In ancient China, stone statues of people and animals were placed in front of the emperor’s tomb creating a spiritual path. Standing on the both sides of the path and in a certain order, the statues became the honor guards of the mausoleum. This practice began in the time of the Qin (221–206 B.C.) and Han (206 B.C.–A.D. 220) dynasties. Thereafter emperors and powerful officials of successive dynasties adopted this rite; it differed only in the number of statues and their style. The stone statues were not only the epitome of imperial power, but also the symbol of the power, wealth and civilization of ancient China.

The earliest statues were mainly animals. Later in the Tang (A.D. 618–907) and Song (A.D. 960–1279) dynasties, the figures of officials, generals, foreign envoys, maidservants, and other courtiers were added.
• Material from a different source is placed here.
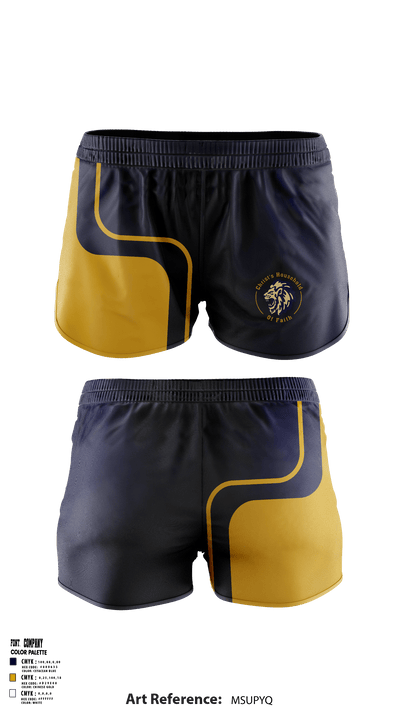 Christ'S Household Of Faith High School 12291528 Women's Shorts - 2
From the standpoint of time, all matter may eventually disappear, regardless of the once splendid civilization or the strongest stone in nature. From the dimension of space, the existence of this thousand-year old cultural legacy is a strong lesson for our own era and makes us reflect on the critical situation of our ancient civilizations. With accelerating globalization, the industrialization of social economy and the imbalance of environment and economic development, this heritage is rapidly fading away. What else may we have lost? How should we protect, inherit, and develop this heritage?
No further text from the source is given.